This article was written in 2015 and updated in 2017.
1. Keep cool and stay out of more trouble
Don't panic. Assess the situation and try to locate a safe spot.
“Stay calm (…) and make sure you don't end up in more trouble than you're already in, physically speaking,” advises Lars Förstell, an experienced police officer based in southern Sweden.
But that is easier said than done.
Yvonne Norrgård of the Swedish Civil Defence Association (Civilförsvarsförbundet) – a volunteer organization which assists authorities in crisis situations – argues that none of us really know how we would react to a catastrophe.
“Some freeze, others panic and run (…) Those who made it in France were the ones who played dead. It is horrible to say it, but they were the ones who survived,” she says.
However, while there were also several reports after the massacre on Utöya island in Norway of survivors playing dead, some security experts advise against it. “Run and find cover,” writes the UK's counter-terrorism security office.
2. Be observant and raise the alarm
Vigilance is not just key for preventing terror crimes. Even during or after an attack, it is important to be observant and make note of any details that stand out in your surroundings, which could help police and rescue teams arriving on the scene.
“Call 112 [the European emergency number] and explain what you're doing, what you're seeing, explain the situation and follow the directions they give you,” says Förstell.
3. Don't put yourself in harm's way
A train attack in France in August 2015 was foiled after four passengers overpowered the gunman. But three of the men were trained US soldiers who were physically fit and knew what they were doing. In general, most experts advise members of the public not to engage with attackers.
“Intervening against an armed individual is both dangerous and not always successful, if you don't know that you are trained for it. But the terrorist may also have military training and be armed, and faced with that you don't stand much of a chance,” says Förstell.
The March 22nd 2016 terror attacks in Brussels. Photo: AP Photo/Martin Meissner
4. Let the professionals do their job
Police, fire and rescue services, and paramedics know what to do. Let them get on with it, advises Norrgård.
“If your have the skills needed, you can ask if there is anything you can do to help, but otherwise you should let them work. They have the experience and the competence,” she says.

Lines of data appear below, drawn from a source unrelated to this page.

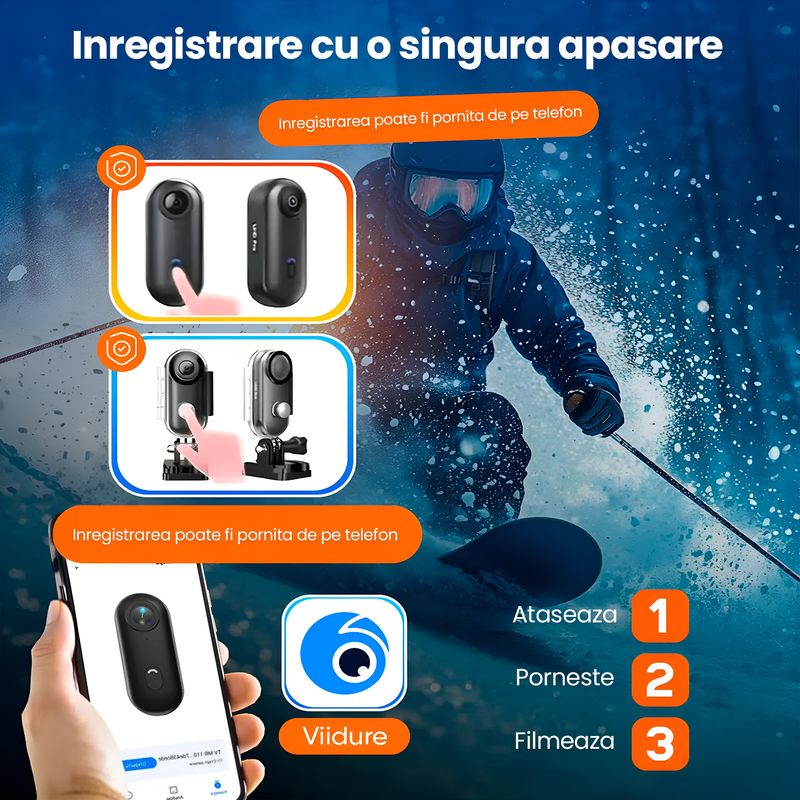 TV, Audio-Video si Foto - Camere de actiune si drone - Camere de actiune - Camera de actiune Technovici 1080P Full HD, WiFi, Husa rezistenta la apa 30m, Unghi 120°, Baterie 800mAh, Prindere - Infinity.ro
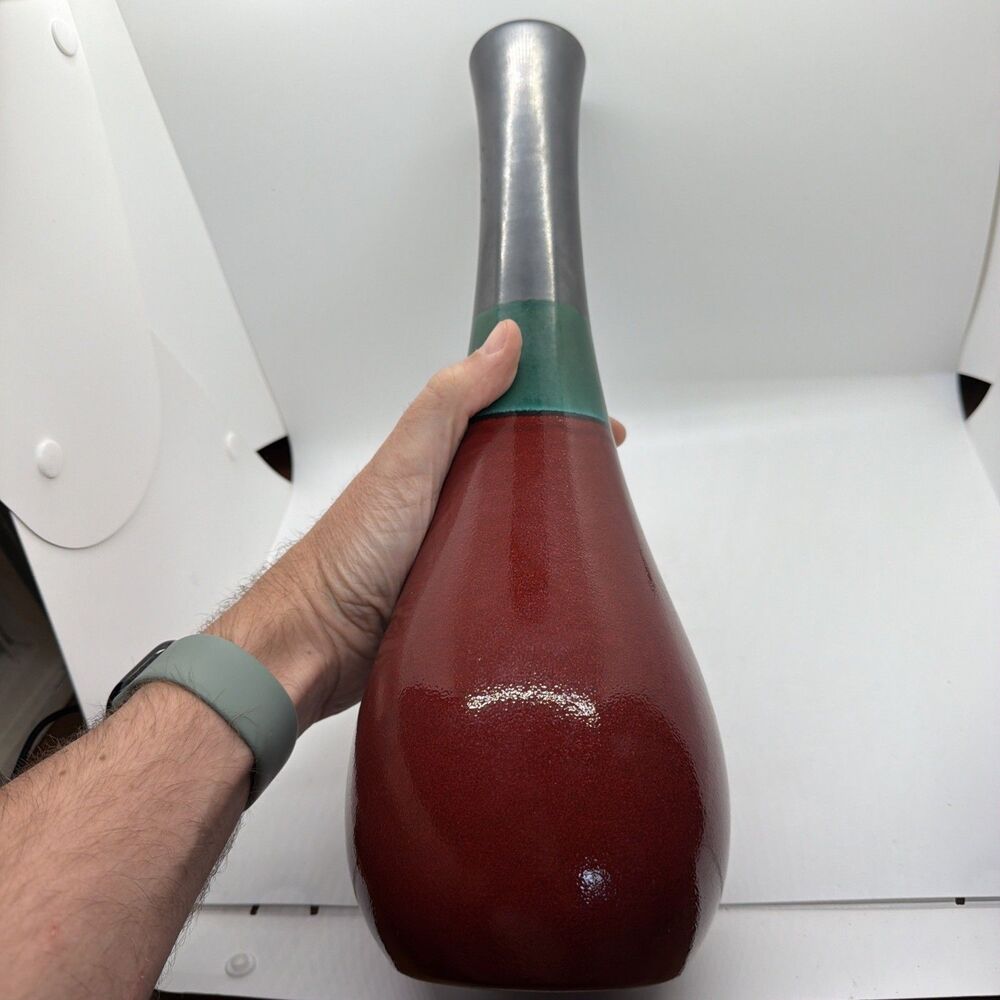 DESTINOS S.A. Vintage Glazed Red & Green 15” Vase Made in Portugal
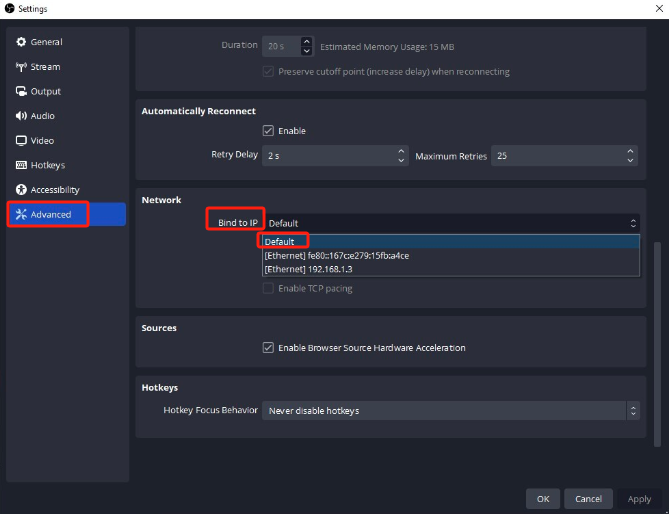 Alter the “Bind to IP” to Fix OBS Dropping Frames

Also, think ahead. Don't get in the way of the police investigation that is sure to follow the attack, and which could help prevent future fatal incidents.
Förstell explains: “Say there's been an explosion and you see an unattended bag. Don't mess things up and don't try to touch or move the bag.”
5. Help each other and work together
Cooperating with the people around you could boost your chances of survival and speed up evacuation, according to psychological studies and research into previous terror attacks, such as the bombings on the London underground on July 7th 2005 or the 9/11 attacks on the US Twin Towers in 2001.
You can also help each other to stay alive if you have been injured, by huddling up together to keep warm, or covering each other's wounds.
“A terror attack is a crisis situation. If you look at historic catastrophes those who survive are the ones who manage to keep their bodies warm and their heads cool,” says Norrgård.
“If you seen anyone who is injured, try to be there for them and be compassionate,” adds Förstell.
6. Stay up-to-date with developments
Several key authorities, including the Civil Contingencies Agency (MSB) and the Security Services (Säpo), told The Local they were not able to offer any advice when this article was first written in 2015, with each referring back to the other. After the attack in Nice, France, in 2016, the Swedish police updated their website here (in Swedish). Their general advice is to find a safe spot, be vigilant, be quiet, raise the alarm and keep up-to-date by following news media.
Staying tuned to social media and live news feeds to make sure you know what is going on is key. For more information on the general state of security, check Säpo's website (in English) and for more tips (in Swedish) on how to act in a crisis situation, consult Civilförsvaret which also organizes classes for the general public.